Gregg Poppen is seen heading up a ladder to paint the front of the Ketchikan Performing Arts Center.

If you stop by 335 Main Street, you will see caution tape, rigging and buckets full of colorful paint. The exterior of the planned Performing Arts Center is receiving a bright new look, with yellows, blues and greens adorning the art deco building in pop-art fashion.

“Well, the project is to paint the building,” said Gregg Poppen, Capital Campaign manager of the Performing Arts Center. For the past week, he has been leading the effort to update the look of the downtown building, which he says has been in disuse for about 20 years.

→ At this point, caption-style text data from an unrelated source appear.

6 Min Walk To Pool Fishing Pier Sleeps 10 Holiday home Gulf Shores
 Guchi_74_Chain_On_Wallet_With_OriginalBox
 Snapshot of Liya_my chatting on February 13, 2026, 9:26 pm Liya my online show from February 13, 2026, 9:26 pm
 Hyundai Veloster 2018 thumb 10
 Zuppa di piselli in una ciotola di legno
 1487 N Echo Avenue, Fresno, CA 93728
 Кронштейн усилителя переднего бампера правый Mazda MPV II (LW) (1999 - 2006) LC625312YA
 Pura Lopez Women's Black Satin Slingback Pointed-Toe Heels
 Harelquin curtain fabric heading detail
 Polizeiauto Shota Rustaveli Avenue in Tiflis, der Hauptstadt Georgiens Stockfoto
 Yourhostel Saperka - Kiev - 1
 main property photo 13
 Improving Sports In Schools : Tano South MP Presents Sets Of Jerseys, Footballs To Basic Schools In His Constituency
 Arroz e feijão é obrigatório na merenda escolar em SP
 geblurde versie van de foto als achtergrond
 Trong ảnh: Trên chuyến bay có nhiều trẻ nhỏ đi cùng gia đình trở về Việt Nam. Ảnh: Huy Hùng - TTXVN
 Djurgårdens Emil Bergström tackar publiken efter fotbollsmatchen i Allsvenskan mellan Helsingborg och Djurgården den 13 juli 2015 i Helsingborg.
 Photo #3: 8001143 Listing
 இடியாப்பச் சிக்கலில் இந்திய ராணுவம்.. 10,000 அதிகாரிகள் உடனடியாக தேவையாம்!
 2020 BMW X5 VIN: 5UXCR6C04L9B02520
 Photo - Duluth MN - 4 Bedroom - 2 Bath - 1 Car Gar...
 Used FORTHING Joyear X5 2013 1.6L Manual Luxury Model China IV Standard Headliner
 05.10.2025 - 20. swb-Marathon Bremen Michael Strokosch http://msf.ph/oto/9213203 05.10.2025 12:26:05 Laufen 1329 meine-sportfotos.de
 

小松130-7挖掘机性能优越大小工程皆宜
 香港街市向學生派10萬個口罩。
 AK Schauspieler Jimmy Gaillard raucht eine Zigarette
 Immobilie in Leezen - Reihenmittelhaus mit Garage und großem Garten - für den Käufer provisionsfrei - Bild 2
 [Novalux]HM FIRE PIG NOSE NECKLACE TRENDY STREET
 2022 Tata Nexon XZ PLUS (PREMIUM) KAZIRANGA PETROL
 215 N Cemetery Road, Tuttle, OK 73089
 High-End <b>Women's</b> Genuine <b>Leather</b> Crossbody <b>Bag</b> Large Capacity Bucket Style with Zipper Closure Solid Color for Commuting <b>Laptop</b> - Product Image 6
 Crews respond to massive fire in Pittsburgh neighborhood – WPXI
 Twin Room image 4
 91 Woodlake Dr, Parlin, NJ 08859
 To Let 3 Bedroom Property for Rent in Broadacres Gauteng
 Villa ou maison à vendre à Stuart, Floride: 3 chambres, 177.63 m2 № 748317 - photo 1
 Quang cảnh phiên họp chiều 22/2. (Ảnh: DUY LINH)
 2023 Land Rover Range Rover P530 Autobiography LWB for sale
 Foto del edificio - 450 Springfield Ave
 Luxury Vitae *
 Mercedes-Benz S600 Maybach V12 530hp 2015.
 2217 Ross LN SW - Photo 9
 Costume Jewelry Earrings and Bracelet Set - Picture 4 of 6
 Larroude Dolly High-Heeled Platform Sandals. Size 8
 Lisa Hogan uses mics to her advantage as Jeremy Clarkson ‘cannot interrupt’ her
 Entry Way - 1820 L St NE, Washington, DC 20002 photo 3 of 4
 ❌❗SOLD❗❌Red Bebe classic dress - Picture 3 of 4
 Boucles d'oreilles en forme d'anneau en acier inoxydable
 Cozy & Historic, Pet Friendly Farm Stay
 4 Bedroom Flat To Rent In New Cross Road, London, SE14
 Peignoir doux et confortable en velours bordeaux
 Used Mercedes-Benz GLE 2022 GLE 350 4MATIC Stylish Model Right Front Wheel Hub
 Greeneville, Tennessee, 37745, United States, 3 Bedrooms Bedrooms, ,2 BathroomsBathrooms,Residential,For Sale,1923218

“It’s had many different lives and iterations, but we want the culmination to be a Ketchikan Performing Arts Center. So we decided that fundraising is underway – and going well – but we’re going to kick it into a second gear. With that, we should let people walking by, driving by, touring the building see that there’s fresh life here. And fresh life, in this case, starts with fresh paint.”

Charlotte Glover and Sharolyn Kroscavage painting the entrance of the building.

The building could use some “fresh life”. It’s been around since 1949 when it was originally the community Elk’s Lodge. It was later revived as the Fireside Restaurant, and over the decades the building has been used for all kind of events – from performances, to meetings, weddings, dances, and more. Poppen added it even housed a bowling alley and a spa.

Poppen said the building will become a home for local performance groups First City Players and Ketchikan Theatre Ballet, as well as a venue for community use.

Poppen hopes the building will have a finished façade in time for this weekend’s Blueberry Arts Festival. He and close to 20 other volunteers have been working all week to paint the building. He said the colors for the project were chosen from the Performing Arts Center logo.

“The colors reflect the logo that was chosen for the PAC, which has six ‘blocks’ of glow, basically – which refer to the six window frames that are familiar features in downtown.”

But don’t expect the colors to stay forever.

“This is stage make-up,” he said. “This painting probably won’t be the final finish when it is fully developed; when it’s fully fledged. But for now, it does reflect the colors of the stage lighting – the bright colors that are reminiscent of people being illuminated in performance. And it will change of course. Yes, it will be something else entirely, we don’t know what. It might end up being colored very similarly. We just don’t know.”

Poppen and the Performing Arts Center committee are still calling out for volunteers to help finish the project – anyone is welcome to just stop by the building and paint. Additionally, the group is looking for a mechanical lift to reach the top portions of the building that can’t be reached by rigging, in order to complete the job by Friday.